Seriously, how exactly do you build mouse muscle? A ladder with a treat at the top, and teensy weights attached to their tails! I am not even joking: that really is how they did this.

“The mice were motivated to climb up the ladder to a total of 15 times, with progressively heavier weights attached to their tails and a 2-minute rest in between each climb.”

Sounds like more fun than my gym visits.

So what did Liu et al. find? Specifically, with full jargon:

“improved cognitive performance and reduced neuropathological and neuroinflammatory changes in the frontal cortex and hippocampus of mice… [and] inhibition of pro-inflammatory intracellular pathways.”

So… better thinking along with less disease and inflammation in the brain, and fewer inflammation signals between cells.

Drawing of a brain.

Obviously a human study would be more persuasive (always), but it’s still early days for studying neuroinflammation. Lots of what we now know about exercise physiology we initially learned from mice.
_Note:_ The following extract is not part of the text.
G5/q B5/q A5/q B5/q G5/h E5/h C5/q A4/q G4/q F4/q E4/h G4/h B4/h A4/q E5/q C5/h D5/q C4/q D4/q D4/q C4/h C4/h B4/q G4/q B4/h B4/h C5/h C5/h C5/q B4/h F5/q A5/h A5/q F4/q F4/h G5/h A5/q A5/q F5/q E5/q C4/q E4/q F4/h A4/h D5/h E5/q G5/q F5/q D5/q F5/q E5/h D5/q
It’s likely (or at least highly plausible) that this protective effect will be confirmed in humans as well — despite the fact that “mice lie and monkeys exaggerate” in research.†

It has been clear for many years now that exercise in general is neuroprotective — that is, it has an anti-inflammatory effect in the brain and slows down Alzheimer’s disease progression — but that insight mostly comes from studies of aerobic exercise. This study extends that effect to resistance training, which is why the conclusion isn’t much of a reach: we already know that another kind of exercise does this, and we already know that resistance training is an excellent way to exercise.

Anything that’s “neuroprotective” is quite likely to be a pain shield over time as well — better odds of a good recovery from the inevitable insults and triggers. And that’s the point of sharing this here.
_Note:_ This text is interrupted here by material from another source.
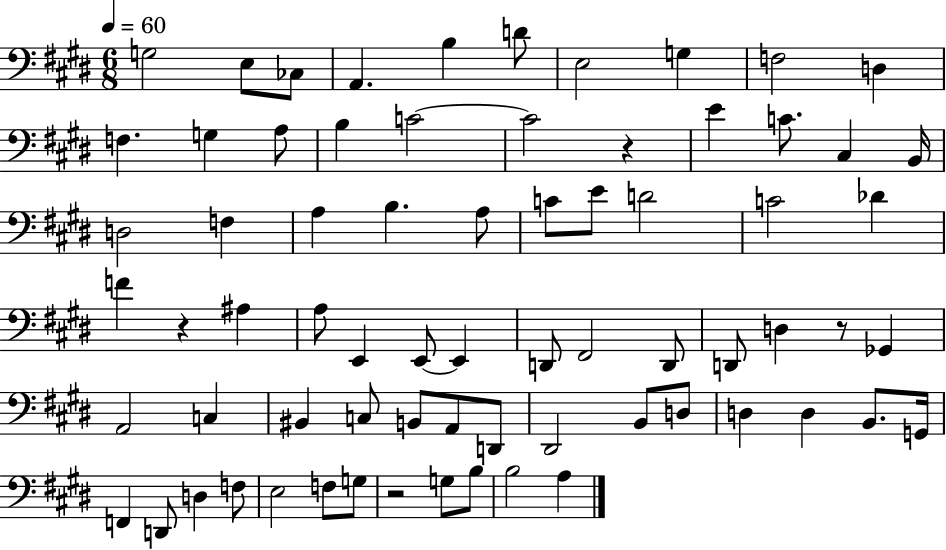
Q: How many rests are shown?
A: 4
As always: most people should take strength training more seriously as a form of exercise than they do, for a host of reasons, but particularly because it’s surprisingly efficient and does not require anyone to go to the gym and hang out with bodybuilding bros.
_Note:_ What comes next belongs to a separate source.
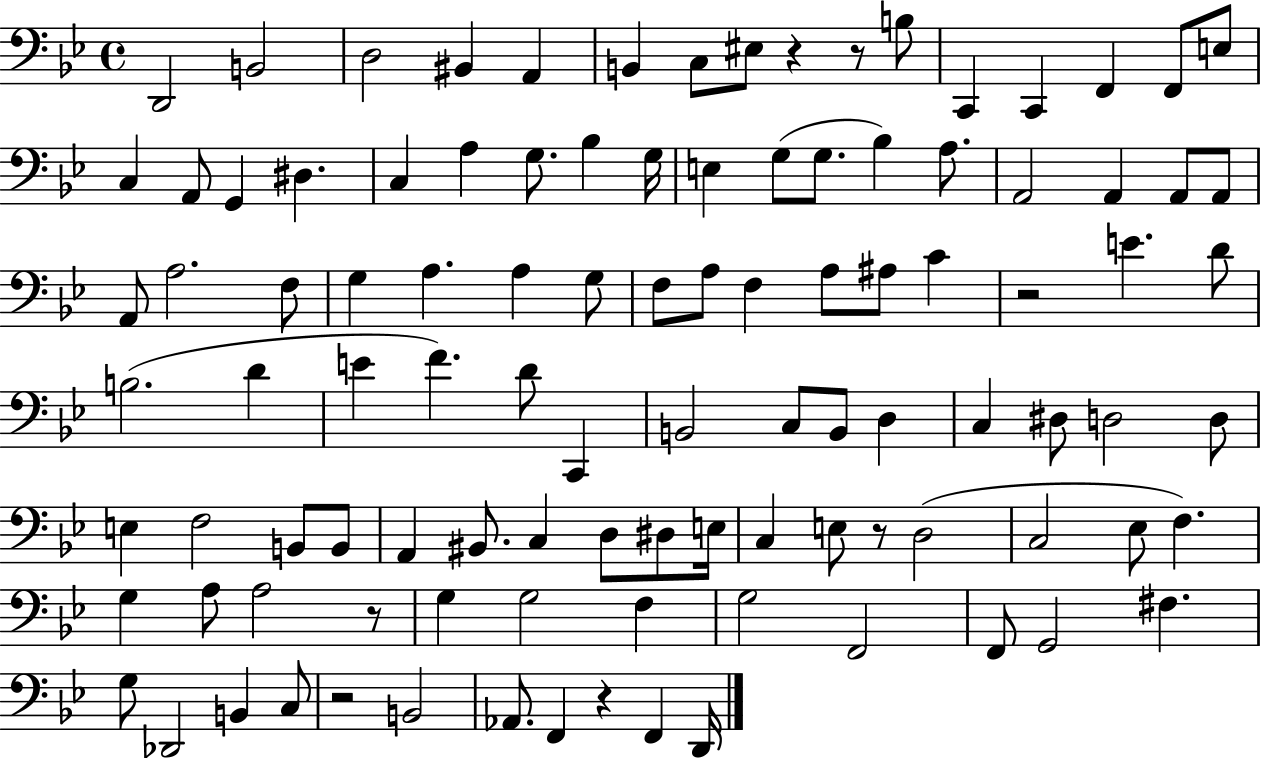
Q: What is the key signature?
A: BES major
Mice lie and monkeys exaggerate — Mice and other non-human animals can be excellent models for our physiology, but they are also infamously misleading. “Mice lie and monkeys exaggerate” is the medical researchers' lament about the unreliability of animal models. Just because something is true for animals in a study does not mean it will be true for humans. Consider how dangerous chocolate is for dogs! Veterinarians can tell you about many more, but even that is the tip of the iceberg — the differences that are the most important and serious for the animals we care about the most. (The origin of the quote isn’t certain — is it ever? — but it is often attributed to David B. Weiner, and he was talking about problems with the use of non-human primates in HIV vaccine studies.)